Ich will nicht einpacken,
ich will mich nicht von diesem Kreuz entfernen;
ich will nicht, dass es aus meinem Leben verschwindet, und
ich will mich nicht verziehen, damit ich mich seinem Anblick nicht mehr aussetzen muss.

S


 
Die Quintessenz fehlt

Im ersten Moment, als ich das umwickelte Kreuz am Rosenmontag sah, dachte ich, es sei brüchig geworden und man habe es umwickelt, damit keine Bruchstücke herunterfielen und es werde nach den Feiertagen zur Reparatur gegeben.
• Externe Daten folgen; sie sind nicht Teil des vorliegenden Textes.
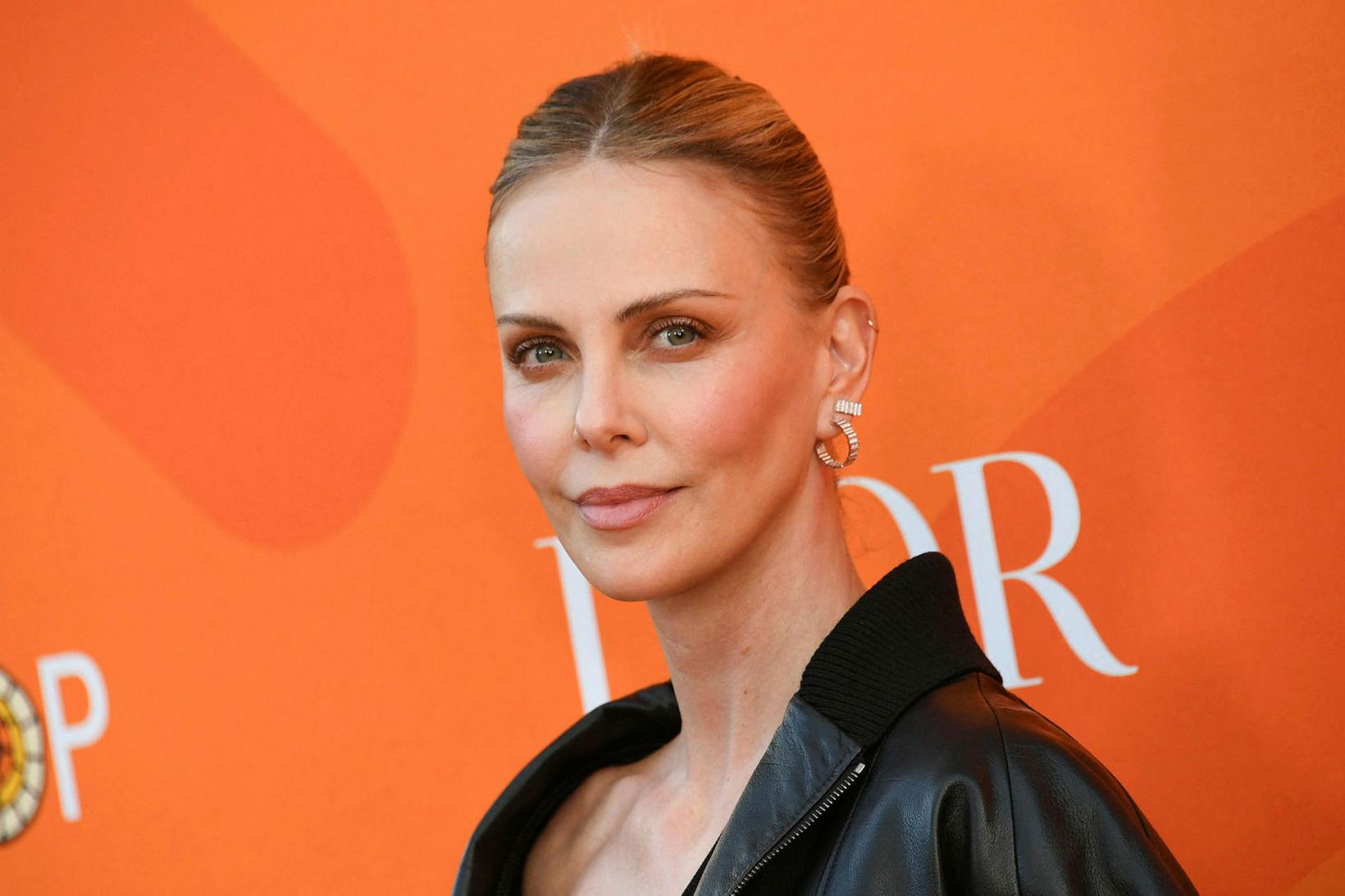 Suður-afríska leikkonan Charlize Theron lét í sér heyra varðandi brúðkaup …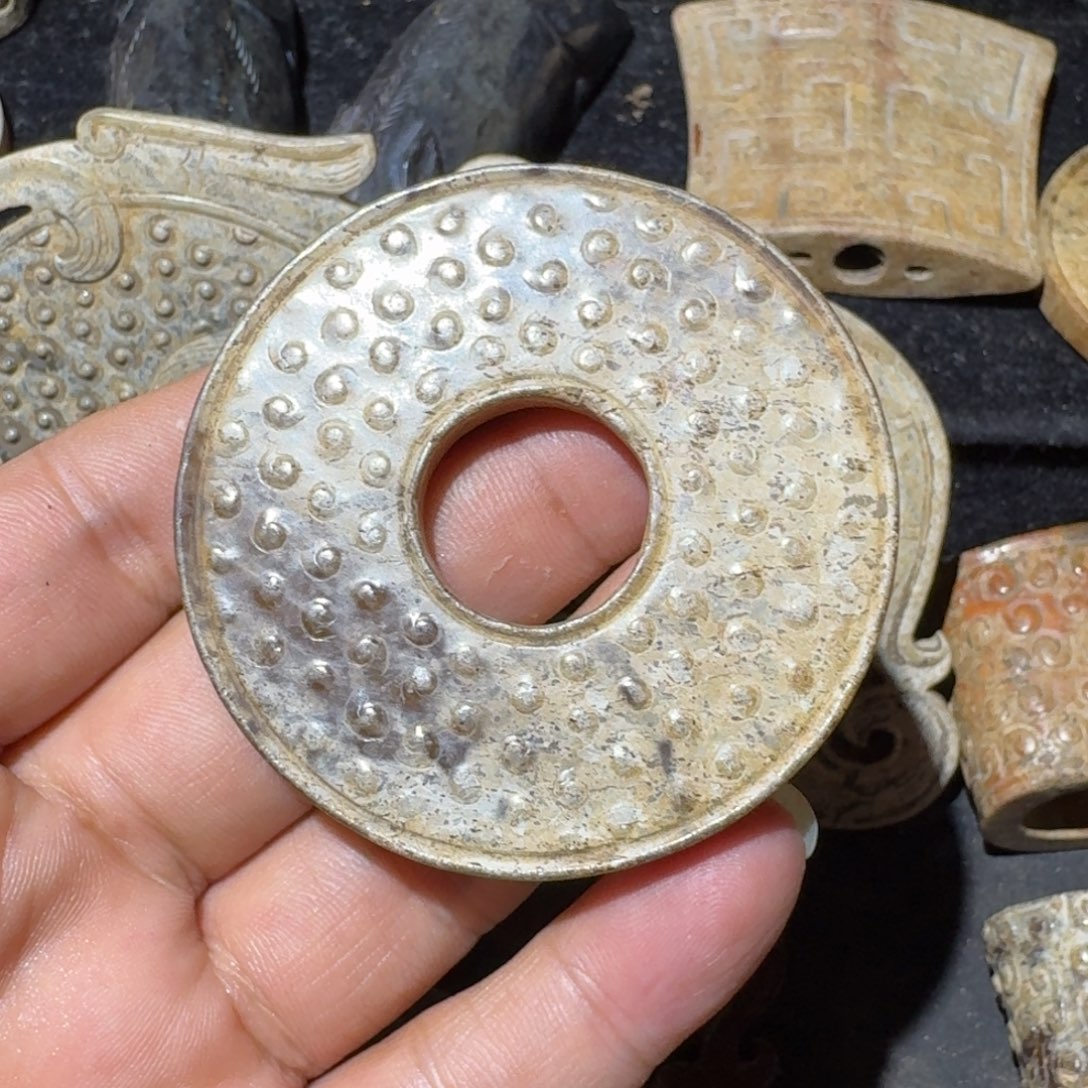 柴***处和田玉未镶嵌挂件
Aber dann fiel mir ein, dass in 2 Tagen die Fastenzeit beginnt und dass diese Wickelbänder das Hungertuch vorstellten. Da fand ich es sehr gut. Es hat mich zu folgenden Gedanken inspiriert.
Die vier Balken sind noch da, die vier Dimensionen der Welt, aber das Fünfte, die Quintessenz, fehlt: der Menschensohn (stellvertretend für jeden Menschen), der auf dem Kreuz der Welt leidet, stirbt und befreit. Eine wehmütige, ja schmerzliche Sehnsucht weckende Empfindung: alleingelassen auf unserem Kreuzweg.
Wenn man genauer hinsieht, ist der Korpus am Kreuz noch zu ahnen, nur zu ahnen, man ist nicht gewiss. Um sicher zu sein, müsste man die Hüllen abwickeln. Mir fiel ein Wort von Meister Eckart ein, an das ich oft denke: "Nicht durch Hinzutun, sondern durch Abtun wird Gott in der Seele erkannt". Es ginge jetzt darum das "Abwickeln" in der Seele ins Werk zu setzen. Aber wie und wo beginnen?
Auch das Kreuz ist so dicht umwickelt mit Folie, dass der Anfang schwer zu finden wäre. man müsste also erst einmal genau hinschauen in die Seele, wo man die Abwicklung beginnen könnte. Mehr und mehr, Schicht um Schicht, käme bei dieser Enthüllung diese Quintessenz zutage, bis man ihr vielleicht eines Tages, vielleicht am letzten, direkt, Auge in Auge gegenüberstände. Das hoffe ich.

LP


 
Atemnot

Eine Idee, die mich berührt und ein Anblick, der gar nicht so leicht zu ertragen ist. Ich fühle eine Beklemmung, bekomme Atemnot unter so viel fest umwickelter Plastikfolie. Oder ist es eher ein Schutz? Ist etwas Wertvolles aufwendig gesichert und wartet auf den Moment der freudigen Enthüllung, um sein kostbares Inneres zu zeigen?
Nun bin ich auch ein wenig gespannt, wie sich die Eindrücke verändern im Laufe der 40 Tage, was an neuen hinzukommt, was vielleicht intensiver wird. Eine tolle Aktion.

S


 
Nie

Ich mag das in der Fastenzeit verhüllte Kreuz nie – weder mit Hungertuch, noch mit Plastikfolie. Der Grund liegt darin, dass ich den Jesus, der selbst am Kreuz und im Tod noch in der Gnade Gottes gestanden hat, mit den Augen nicht mehr fixieren kann. Mein sichtbarer Bezug dieser Heilszusage ist weggebrochen und dadurch bin ich ganz schön „zum Fasten“ gezwungen.
Diese Noppenfolie allerdings macht das verhüllte Kreuz noch unerträglicher als ein Hungertuch, denn sie erinnert mich an Pakete, die per Post verschickt werden. Die Folie dient zwar dazu, den Inhalt des Paketes zu schützen, aber das unangenehme Gefühl, dass das Kreuz gleich in ein riesengroßes Paket gesteckt und mit der Post versandt wird, lässt sich nicht so recht abschütteln. Es bleibt damit unterbewusst ein Rest von Angst, dass die letzte Hoffnung auf einen sichtbaren Bezugspunkt der tiefen Gnade Gottes auch noch verschwindet und ich nicht mal mehr das verhüllte Kreuz fixieren kann.

SK


 
Jesus wird eingehüllt

Seine Wahrheit, die er mit auf die Erde gebracht hat, wird uns noch lange verborgen bleiben. Unsere Aufgabe ist es, diese zu ergründen.